(DATA TO EXAMINE)

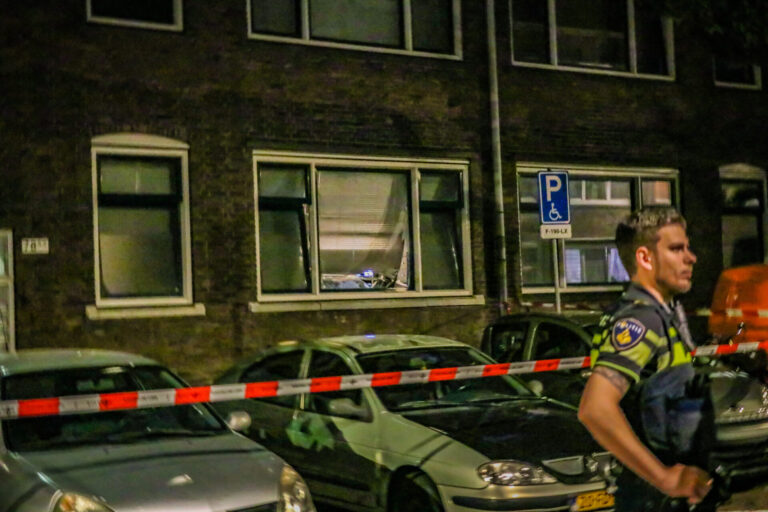 Explosie vernield ruit van woning Korhaanstraat Rotterdam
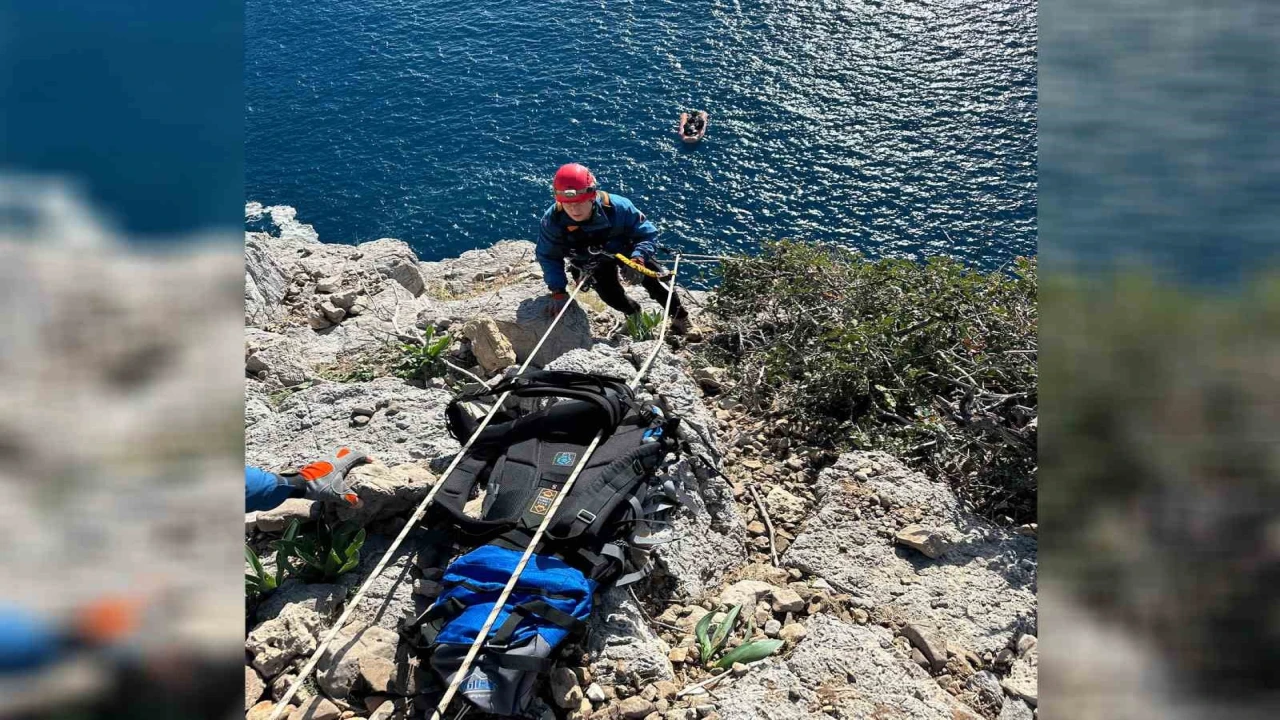 Mersinde sarp kayalıklarda mahsur kalan keçi nefes kesen operasyonla kurtarıldı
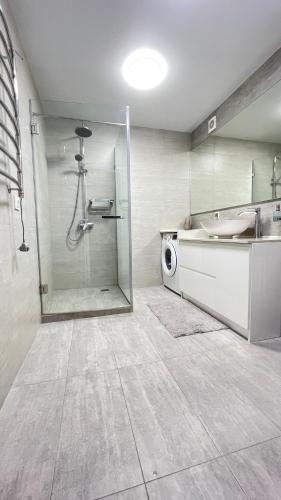 Нова квартира в центрі New apartment in the city center in Zarichnyi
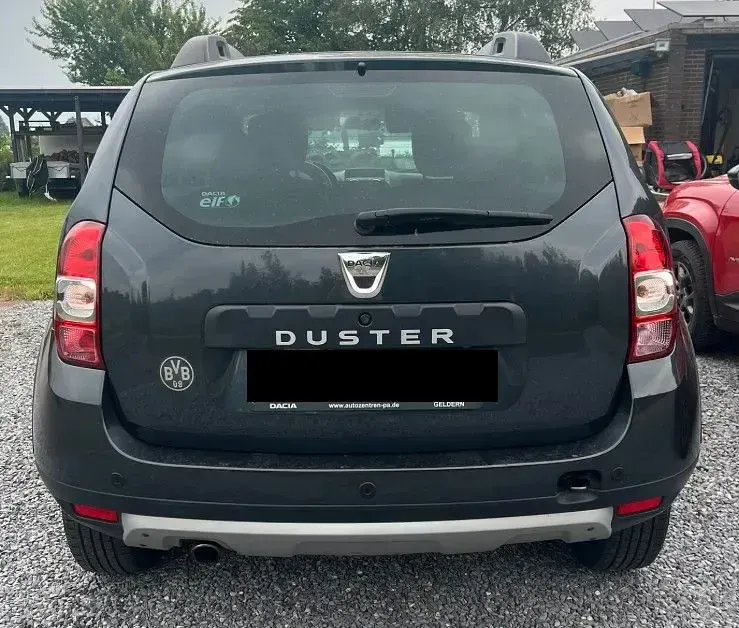 Gebraucht Dacia Duster Prestige 125 PS (91 kW) 2016 Grau SUV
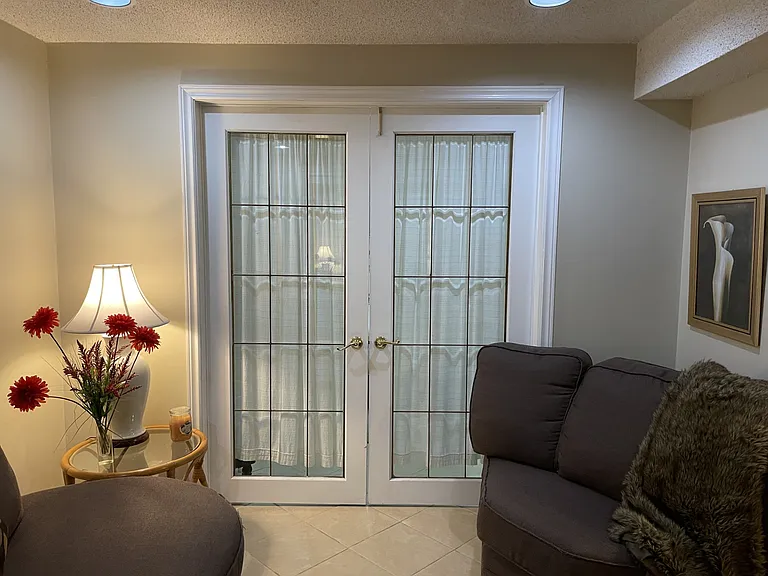 42 Newgreen Cres — Photo 13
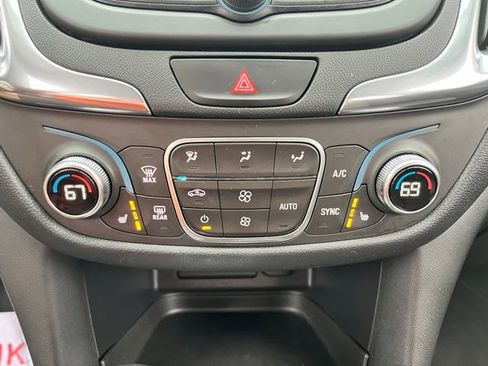 Used 2019 Chevrolet Equinox LT image 34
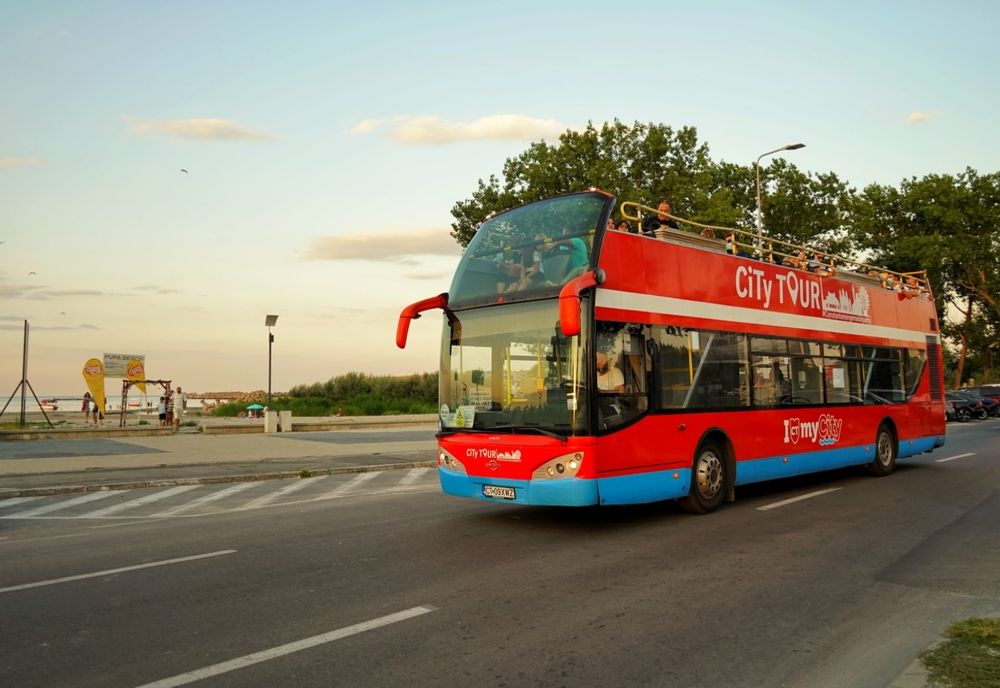 Autobuzele etajate intră, de vineri, în programul turistic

(End DATA TO EXAMINE)

_YOUR OBJECTIVE_:
When the line containing "Gebraucht Dacia Duster" has been located, retype it and each line after it through the end of the records, excluding the pictures and adding nothing else.

_YOUR SOLUTION_:
 Gebraucht Dacia Duster Prestige 125 PS (91 kW) 2016 Grau SUV
 42 Newgreen Cres — Photo 13
 Used 2019 Chevrolet Equinox LT image 34
 Autobuzele etajate intră, de vineri, în programul turistic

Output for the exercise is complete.